I bisogni, le fragilità, gli elementi di rischio per la salute

Secondo i dati del sistema di sorveglianza PASSI per l'Italia, coordinato dalla Regione Emilia-Romagna e dall'Istituto Superiore di Sanità, nel Distretto di Pianura Est il 70% delle persone percepisce come buono il proprio stato di salute (valore medio Azienda USL di Bologna 70,8%).

Nel territorio del Distretto la mortalità per malattie dell'apparato cardiovascolare è significativa, così come si registrano stili di vita caratterizzati da prevalenze significative di soggetti obesi, ipertesi, diabetici e  fumatori. I tassi di adesione agli screening, pur in calo, sono mediamente alti, in particolare per gli screening del colon-retto e della cervice uterina.

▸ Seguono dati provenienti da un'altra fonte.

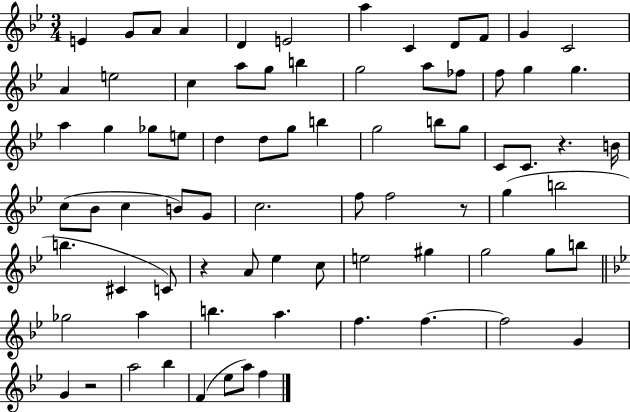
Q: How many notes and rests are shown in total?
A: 78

La popolazione over65enne con livello di fragilità alta o molto alta è pari al 6,2% della popolazione complessiva, mentre i soggetti con livello di fragilità medio rappresentano il 9,9% della popolazione residente. La fragilità, aumenta al crescere dell’età ed è maggiore nei soggetti deprivati e molto deprivati e nei soggetti con pluripatologie.

Rispetto alle dipendenze si osserva che il numero di utenti in carico è sostanzialmente basso per gli alcolisti (1,74 per 1000 rispetto alla media aziendale 1,80 per 1000) così come per gli utenti tossicodipendenti (2,73 per 1000 vs 4,15 per 1000 aziendale) e, comunque, i più bassi fra i Distretti.

In ambito socio-sanitario si registra la tendenza costante all’incremento dei consumi per disabili adulti (sia per numero che per complessità assistenziale) e per minori 0-18. Si osserva negli ultimi anni la comparsa di Case famiglia (almeno già una decina sul territorio del Distretto) che non dovendo assoggettarsi ad autorizzazioni o accreditamenti sono difficilmente “censibili” e nate, teoricamente, per rispondere a bisogni socio-assistenziali di persone autosufficienti o parzialmente tali, di fatto utilizzate spesso come soluzioni a minor costo perché a basso livello assistenziale, offerte anche a soggetti non autosufficienti.

Il fenomeno può essere letto in correlazione con la crisi economica e con le difficoltà per famiglie sempre meno numerose di assistere i propri congiunti.